Cuando me relató tan atrevida iniciativa, mis preguntas iban en una sola dirección: “¿Qué buscabas, querido David, allí expuesto, antes los miles de personas que pasaron por el principal bulevar de la ciudad que estabas visitando con tu familia? ¿Qué viste, qué sentiste y, sobre todo, qué lecciones y aprendizajes puedes compartir con quien conozca tu experimento social?”. David fue capaz de hacer lo que había pasado por su cabeza desde hacía muchísimo tiempo porque se encontraba en un lugar desconocido, por donde caminaban más de 150 personas por minuto, todas muy diversas. Durante la media hora que estuvo allí, sentado en el escalón de la puerta y con la gorra tirada en la acera, pasaron cerca de 5000 viandantes. Una pasada, insistía. Y él quería saber si alguien lo miraría, si alguien le prestaría atención, si alguien le ayudaría de algún modo, si alguien le tiraría alguna moneda, etcétera. Para que todo fuera un poco más creíble, David sacó una hoja y escribió (en francés): “Solo necesito para un bocadillo. Gracias”.

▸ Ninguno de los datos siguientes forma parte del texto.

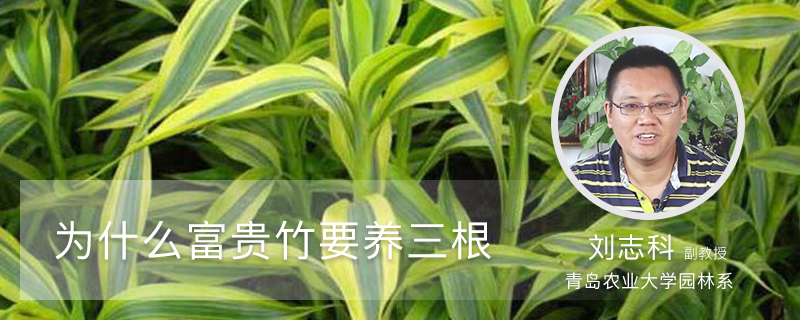 为什么富贵竹要养三根 为什么富贵竹要养三根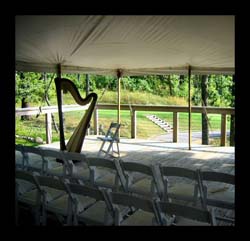 Augusta Michigan Wedding Ceremony Music Harpist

¿Y qué sucedió? Que consiguió lo justo para un bocadillo, una cerveza y un café. Pero sobre todo sirvió para ponerse en la piel de quienes no tienen más remedio que colocarse en la acera de cualquier ciudad a pedir una limosna. Durante los treinta minutos que duró el experimento, David se moría de vergüenza. Aguantó porque quería demostrarse a sí mismo que era un puto afortunado de la vida y que no tenía derecho a quejarse tanto como se quejaba habitualmente. Cuando llegaron la mujer y los hijos, no daban crédito. “¿Pero qué estás haciendo, papá? Estás como una regadera”, fueron las flores de su hija de quince años. “¿Y si alguien te hubiera hecho algo? De verdad, sabía que eres muy creativo, pero no hasta este punto”, le soltó su mujer. David apenas acertó a enhebrar veinticinco palabras: “Sólo puedes sentir lo que sienten otras personas cuando haces lo que ellas hacen. Y muchas solo pueden exponerse en la calle para salir adelante”. Los rostros de los familiares cambiaron. Y el resto, que fue mucho más, queda conmigo.